The workplace habits study by E.ON found that just 10% of workers saw energy efficiency as part of their role.
Results showed that workers often "pass the buck" when it comes to taking responsibility for energy efficiency at work.
According to the study, many junior executives saw energy efficiency at work as part of their office manager's role.
But many office managers said the business owner or more senior managers were responsible for conserving resources.
The most responsibility was accepted by chief executives or owners, with 22% saying it was their job to ensure energy efficiency was focused on in the office.
However, many bosses are failing to lead when it comes to saving energy, with almost one in four (24%) saying they hardly consider the issue.
Another one in ten (11%) take no action at all to save energy.
Just 28% think often about saving energy in the workplace, in comparison with 55% who think about it at home.
The study indicates that there is a lack of communication with regards to the issue, with almost two in three (57%) workers receiving no clear company policy in relation to saving energy.
Head of business sales at E.ON, Iain Walker, said: "We appreciate it's often difficult to dedicate time to educating the workforce about energy saving, but the benefits of implementing better practice can be significant and directly beneficial to all employers.
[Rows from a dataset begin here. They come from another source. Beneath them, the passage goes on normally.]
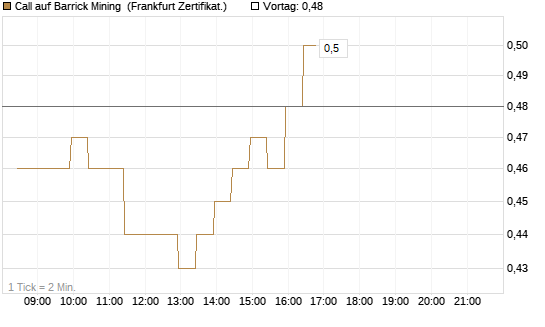 Call auf Barrick Mining [BNP Paribas Emissions- und Handelsges.] Chart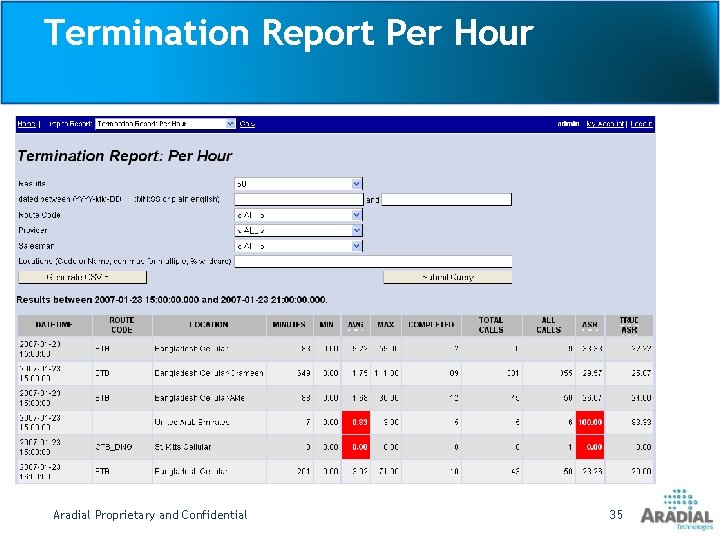 Termination Report Per Hour Aradial Proprietary and Confidential 35 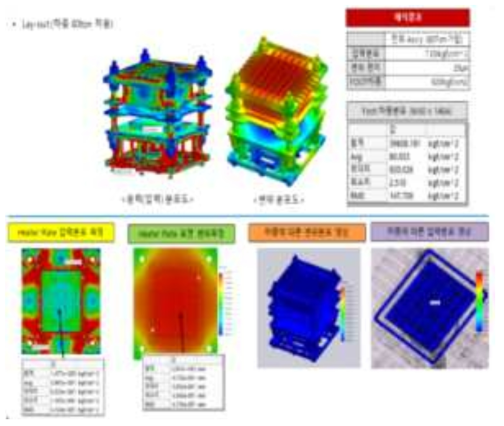 가압력을 80Ton으로 가정하여 히터등의 변형량에 대한 Simulation 결과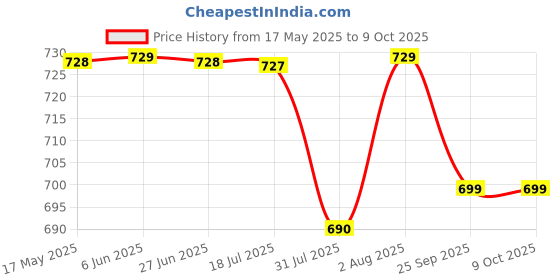 amazon.in Dealsure Professionals Design 3 In 1 Perfect Men Shaver Hair Clipper And Nose Trimmer Rechargeable Beard And Moustaches Hair Machine And Trimming With Cord And Without Cordless Use (Black) Price History Graph from 17 May 2025 to 9 Oct 2025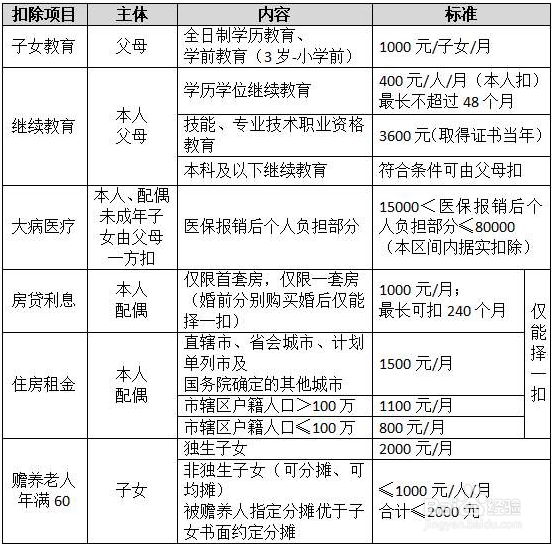 个税怎么扣除标准2020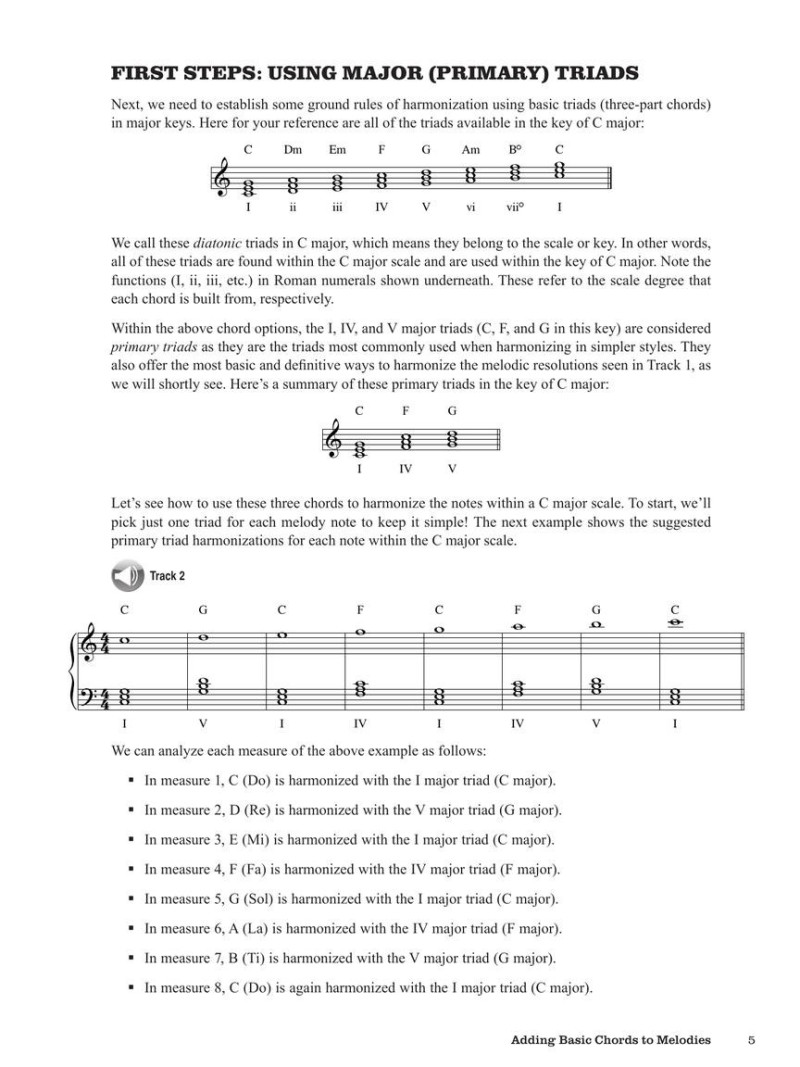 How to Harmonize on the Piano (book/Audio Online)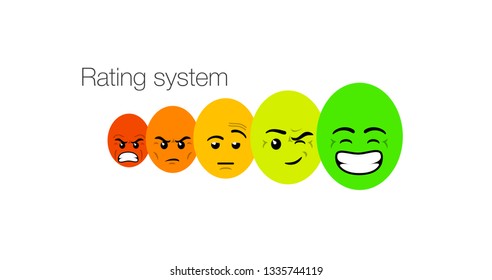 emotion feedback scale on white. Angry, sad, neutral, satisfied and happy emoticon set Review of consumer. red, orange, yellow, green funny cartoon Emoji icons User experience satisfaction rating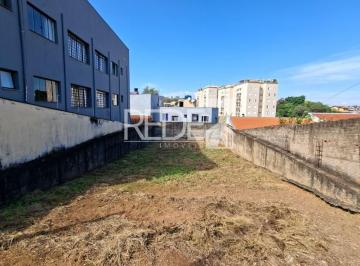 0 · terreno à venda em Jardim Guarani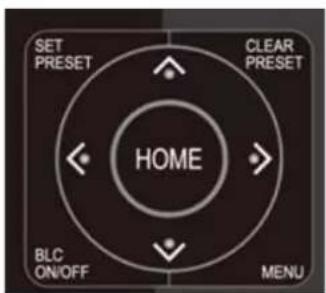 SET PRESET CLEAR PRESET HOME BLC ON/OFF MENU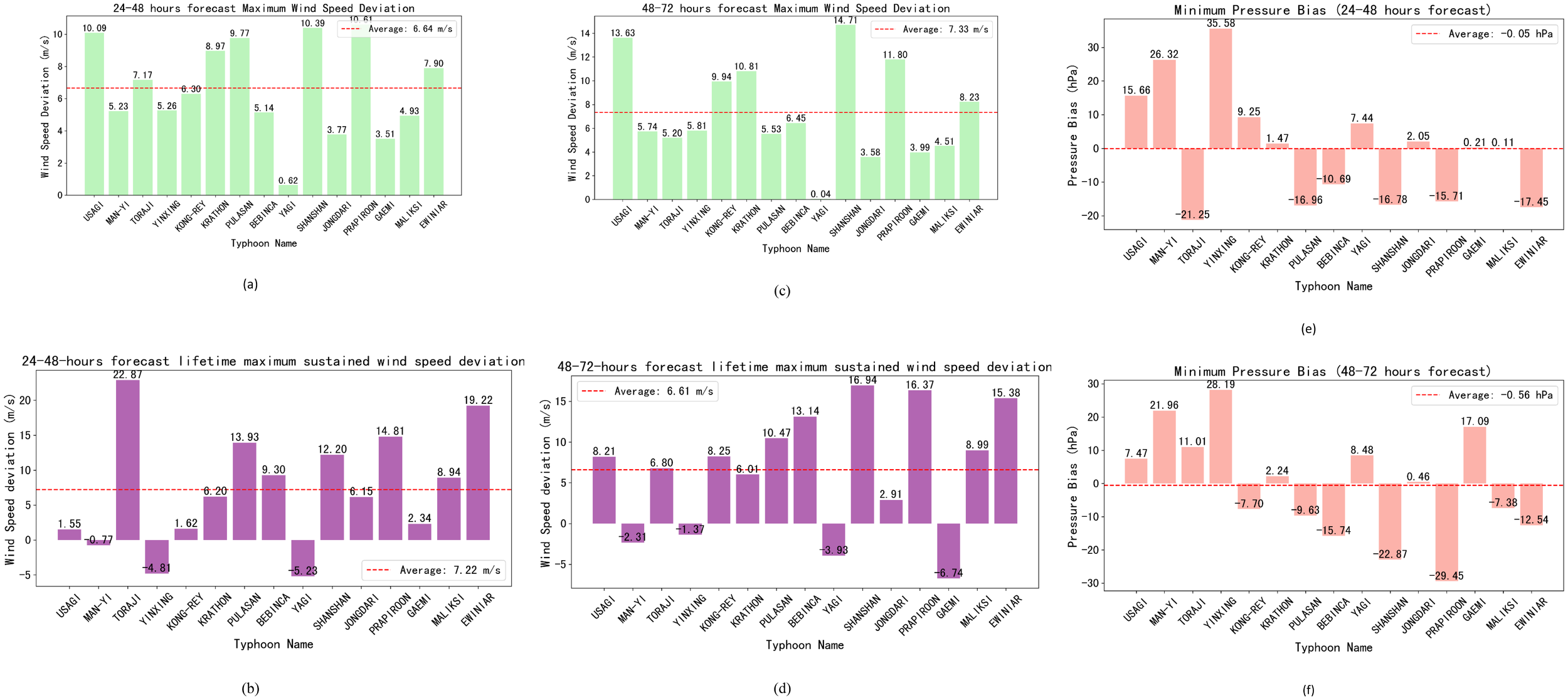 Six bar graphs display typhoon data forecasts. Graph (a) shows 24-48 hours maximum wind speed deviation with an average of 6.64 meters per second. Graph (b) features a 24-48 hours lifetime maximum sustained wind speed deviation averaging 7.22 meters per second. Graph (c) illustrates 48-72 hours maximum wind speed deviation with an average of 7.33 meters per second. Graph (d) depicts a 48-72 hours lifetime maximum sustained wind speed deviation averaging 6.61 meters per second. Graph (e) presents 24-48 hours minimum pressure bias with an average of -0.05 hectopascals. Graph (f) shows 48-72 hours minimum pressure bias with an average of -0.56 hectopascals.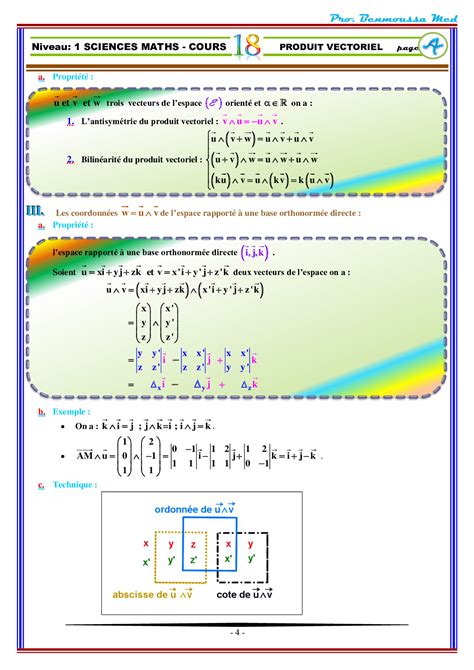 Le Produit Vectoriel Cours 1 Alloschool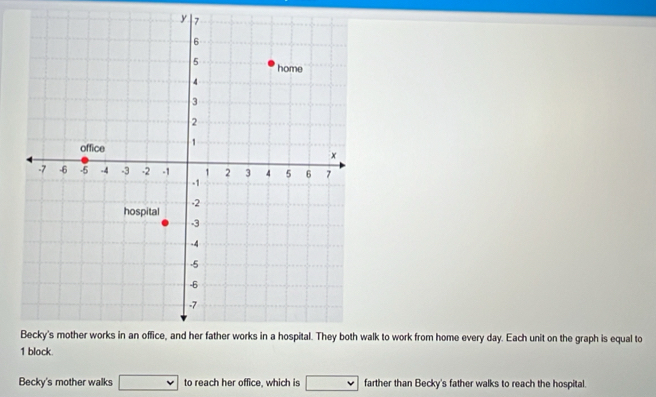 y
k to work from home every day. Each unit on the graph is equal to
1 block 
Becky's mother walks □ to reach her office, which is □ farther than Becky's father walks to reach the hospital.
"You'll always get some people who are more active than others but I was quite surprised that the overall number of people taking personal responsibility for saving energy, and for passing on help to colleagues, is still relatively low."
Importantly, chief executives of firms were the least active in communicating the importance of energy saving, with 51% of those asked saying they never spoke with workers about the issue.
HR workers were the most active in raising energy issues, with almost one in four (22%) often speaking with co-workers about it.